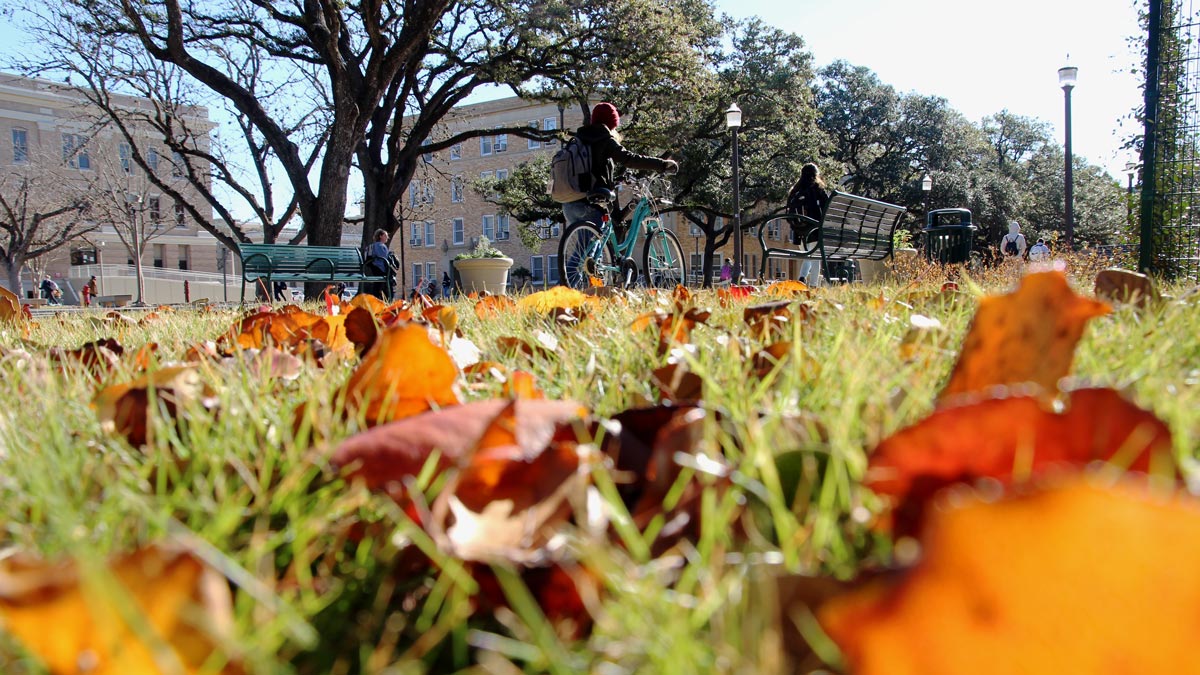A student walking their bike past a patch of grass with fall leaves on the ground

____

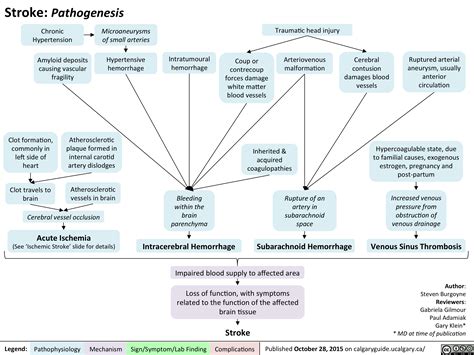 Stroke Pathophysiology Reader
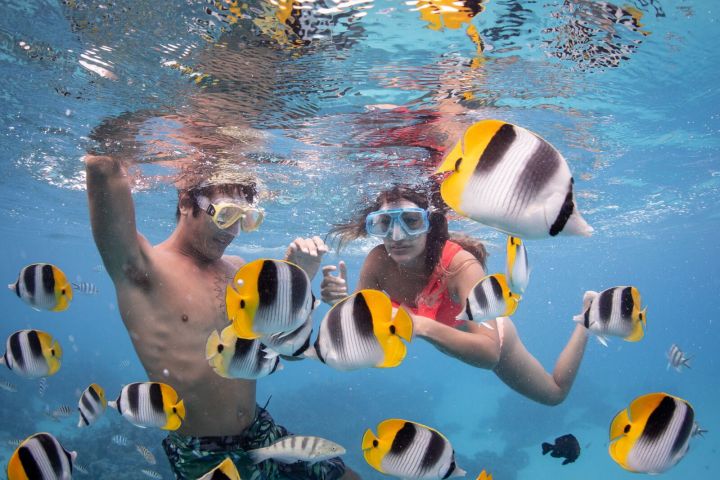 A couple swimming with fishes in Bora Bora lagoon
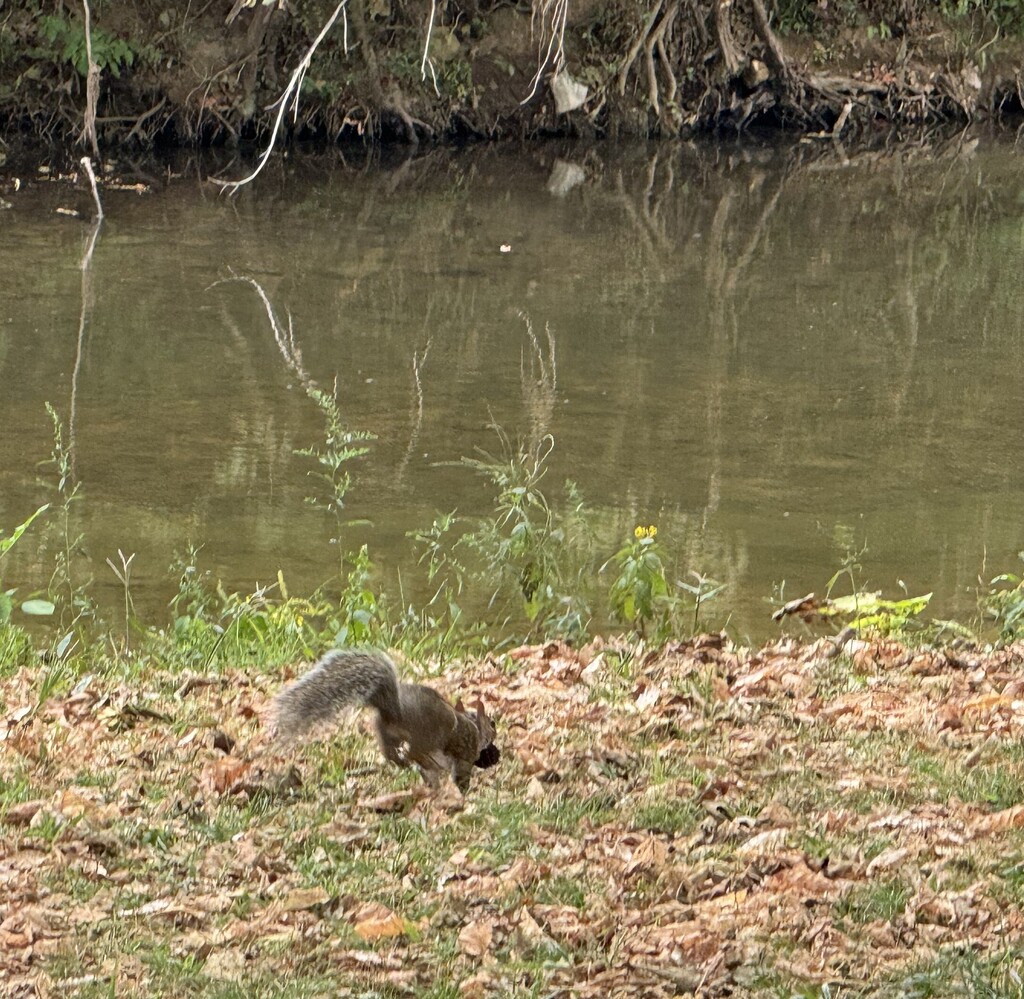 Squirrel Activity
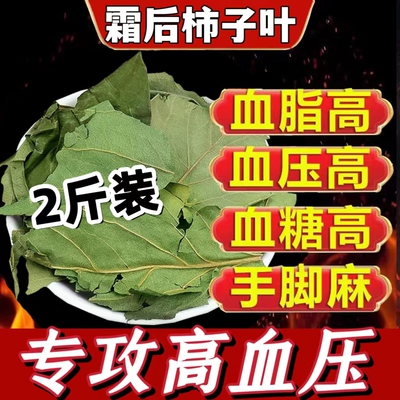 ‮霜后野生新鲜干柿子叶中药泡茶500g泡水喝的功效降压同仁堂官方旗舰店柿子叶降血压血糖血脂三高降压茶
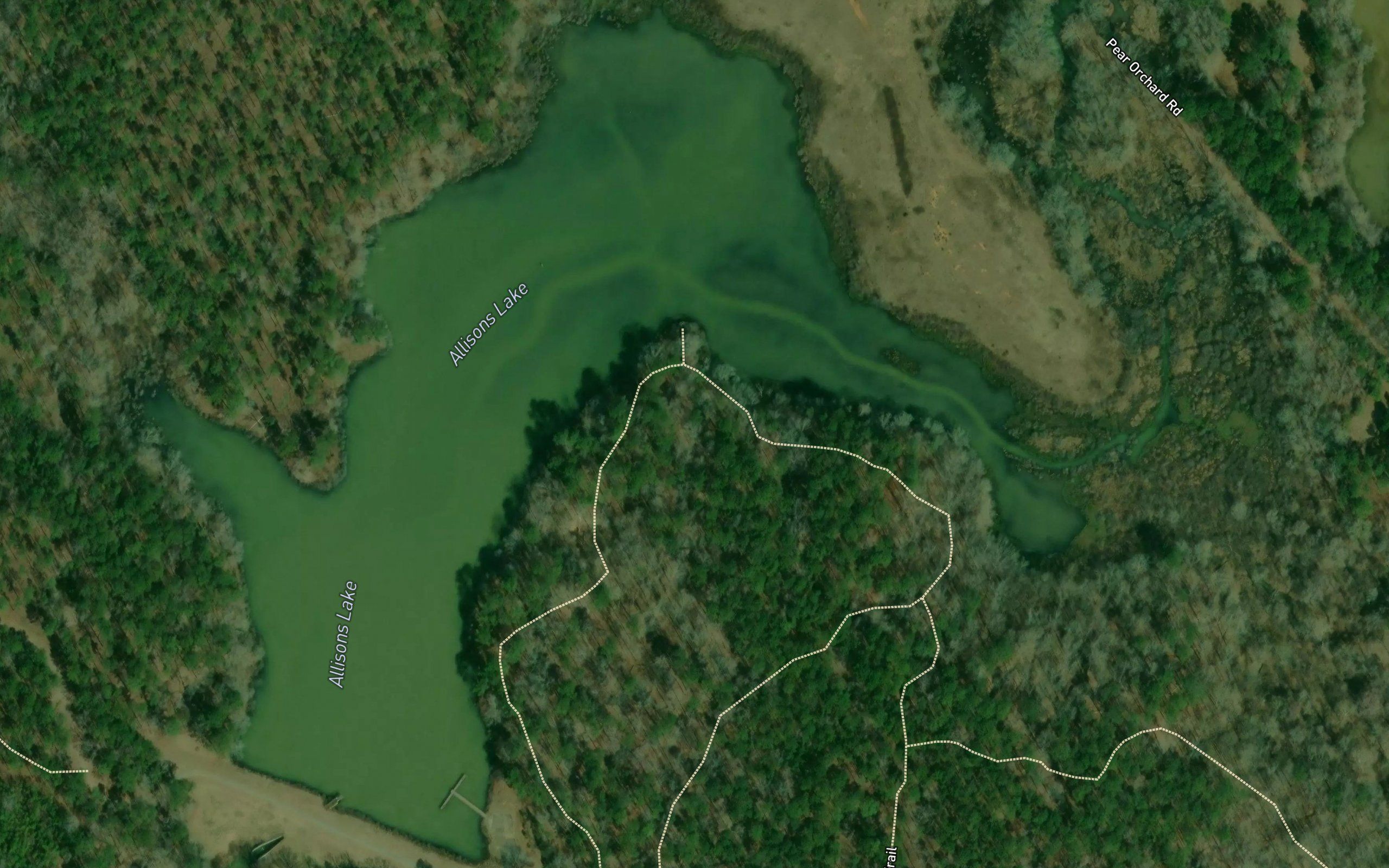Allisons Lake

____

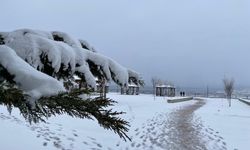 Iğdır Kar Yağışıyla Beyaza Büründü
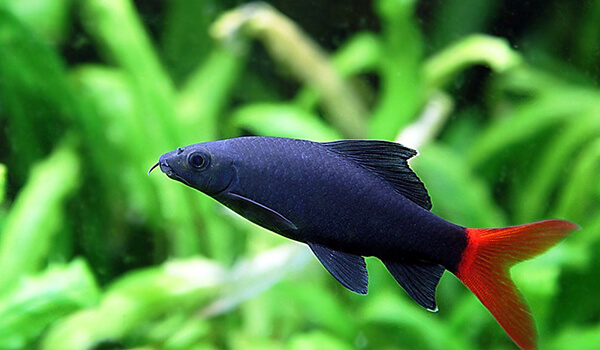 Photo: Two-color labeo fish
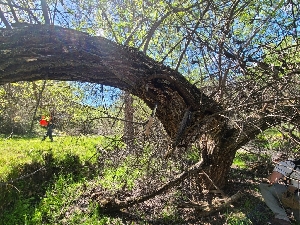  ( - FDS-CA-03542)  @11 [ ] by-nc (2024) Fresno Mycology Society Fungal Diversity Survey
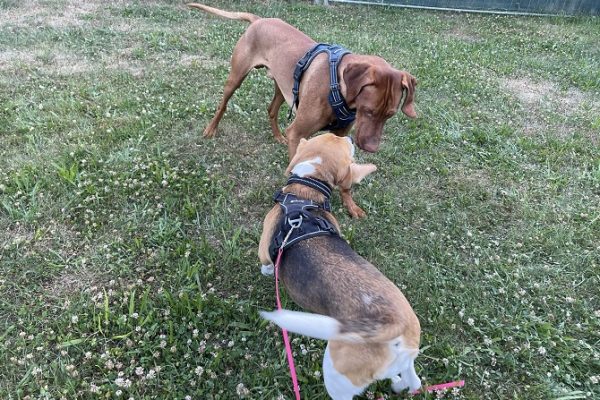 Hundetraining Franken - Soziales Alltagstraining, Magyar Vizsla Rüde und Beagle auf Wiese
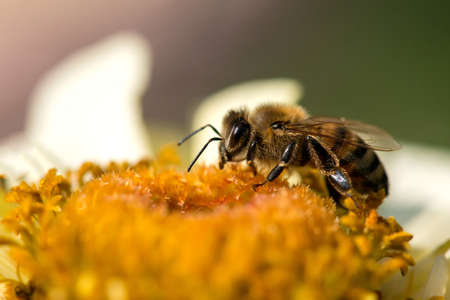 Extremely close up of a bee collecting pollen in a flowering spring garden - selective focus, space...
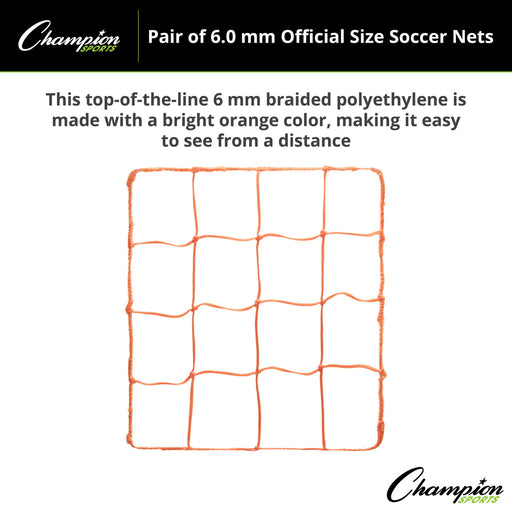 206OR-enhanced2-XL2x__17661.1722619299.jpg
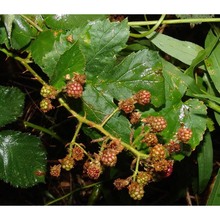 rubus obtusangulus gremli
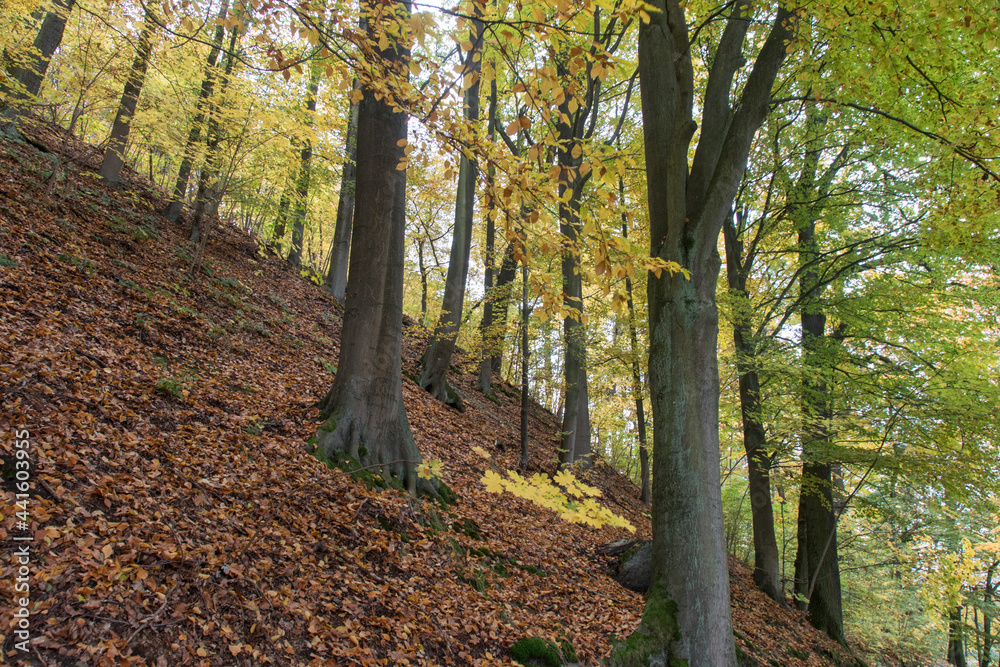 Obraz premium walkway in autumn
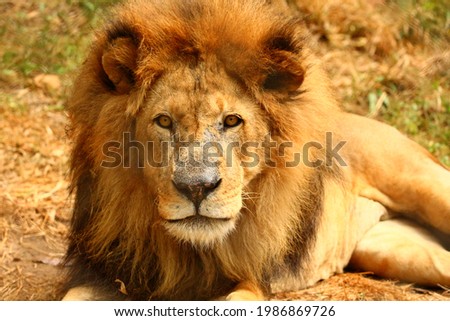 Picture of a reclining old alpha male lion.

____

◆ TASK DETAILS ◆
In the listing above, find the line holding "Squirrel Activity" and the line holding "Allisons Lake". Reproduce those two lines and all between them exactly, leaving out pictures.

◆ EXERCISE SOLUTION ◆
 Squirrel Activity
 ‮霜后野生新鲜干柿子叶中药泡茶500g泡水喝的功效降压同仁堂官方旗舰店柿子叶降血压血糖血脂三高降压茶
Allisons Lake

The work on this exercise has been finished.